Brandon R. Olson (Penn State University)

Typically, when one ponders the use of the sling in antiquity, the first image that comes to mind is the story of how David slew Goliath. The exact origins of the sling, however, are not precisely known. Classical authors such as Strabo, Vegetius, Thucydides, and Pliny attribute the invention of the sling to several groups including the Aetolians, Baleares, Acarnanians, and Phoenicians. The most renowned slingers attested to in the ancient Mediterranean include those from Acarnania, Aetolia, Thessaly, the Balearic Islands, and Rhodes. Based on the historical and archaeological evidence, it appears that the sling became a popular weapon as early as the Neolithic period. It functioned throughout antiquity and was particularly popular beginning in the late Bronze Age through the Roman periods.

One interesting phenomenon regarding the use of the sling in antiquity concerns the presence of inscriptions on sling-bullets. These inscriptions, in relief rather than incised, offer a unique vantage point into ancient warfare and history. The problem with this material, however, concerns access. Archaeological reports mentioning sling-bullets rarely offer any type interpretation. Synthetic investigations, with a few exceptions, rarely go beyond providing measurements and a basic translation of the inscriptions. Few works ponder how, why, and who would inscribe something as seemingly insignificant as a sling-bullet or how it functioned in society. This work attempts to bridge this historiographic and archaeological gap. By examining the historical sources, both ancient and secondary, and the archaeological material from the ancient Mediterranean, this work intends to contextualize and examine the nature of inscribed leaden sling-bullets from a multi-component site in southern Cyprus and the greater Mediterranean. A thorough examination of this material will provide insight into the role of inscribed leaden bullets in ancient warfare, as well as illustrate what types of information about the past sling-bullets may provide scholars.

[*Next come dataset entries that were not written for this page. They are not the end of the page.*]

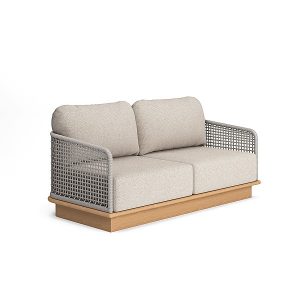 Acri Teak Sofa 2 Seat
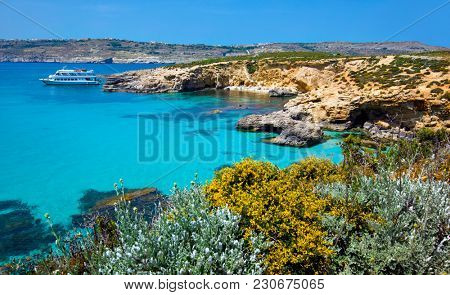 Beautiful landscape of Blue Logoon of Malta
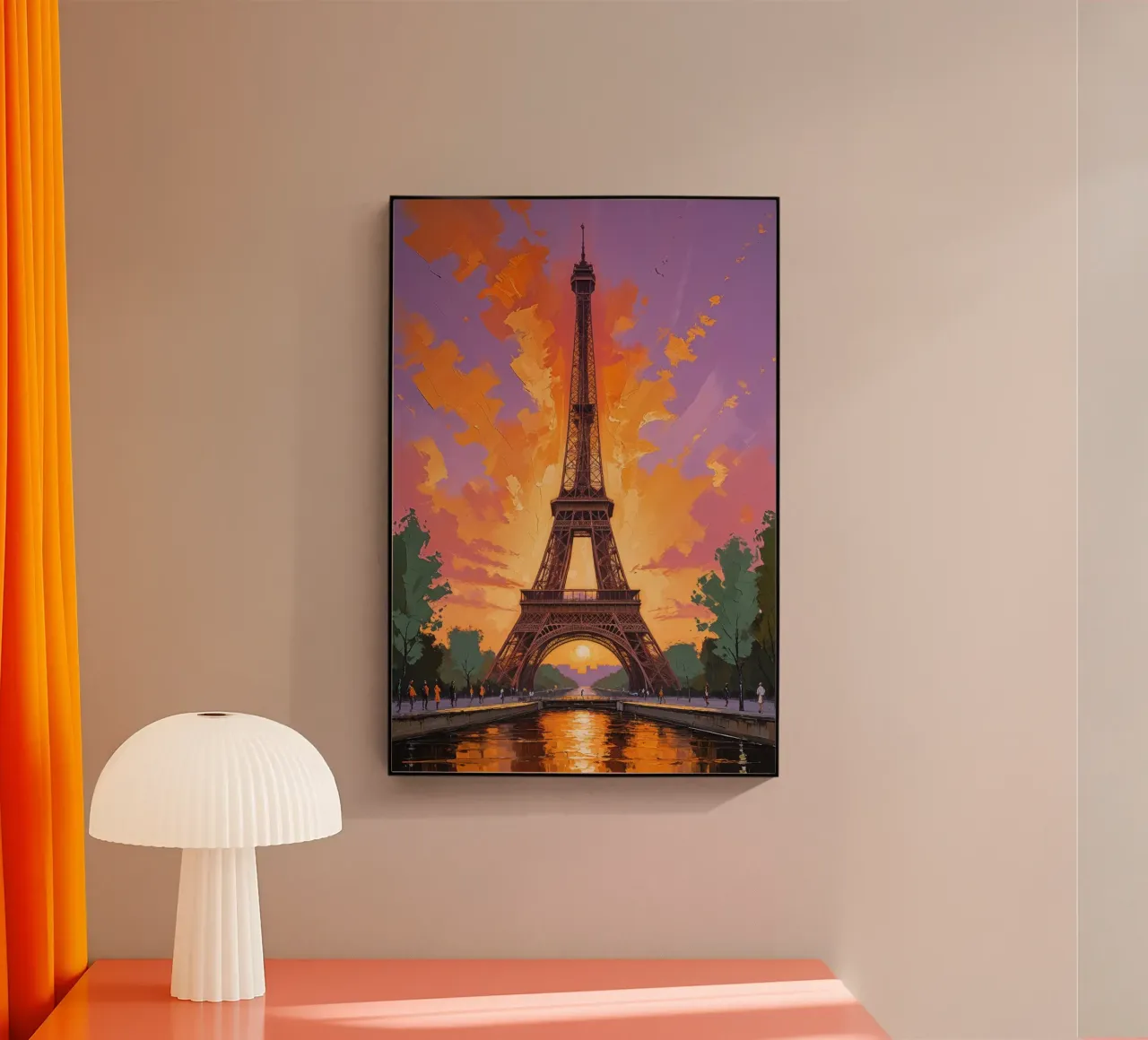 Sunset Symphony: The Eiffel Tower in Paris plexiglass da AlbertKlee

One of the central functions of inscribed sling-bullets was to communicate information. Based on the available evidence, five categories of inscription types emerge: commands and exclamations, name of a city or people, personal names, deities, and symbols. These categories reveal useful information for historians and archaeologists. Personal names and group names on sling-bullets reflect issues such as ethnic identity, mobility, and individual manufacturers. The two synthetic investigations that have investigated sling-bullets in any detail have coupled the spatial provenience of the bullets with ancient references to their respective sites to link various names attested to on sling-bullets to known historical figures and events. Exclamations such as “take it,” “ouch,” “appear,” “victory,” and “bit it in vain” represent an early form of psychological warfare. By creating a framework for the study of inscribed sling-bullets based on the historical and archaeological evidence, this work intends to use this framework to contextualize the inscribed sling-bullets from a Hellenistic site in southern Cyprus. The primary goal of this work is to demonstrate the historical value of an understudied epigraphic source from the ancient world.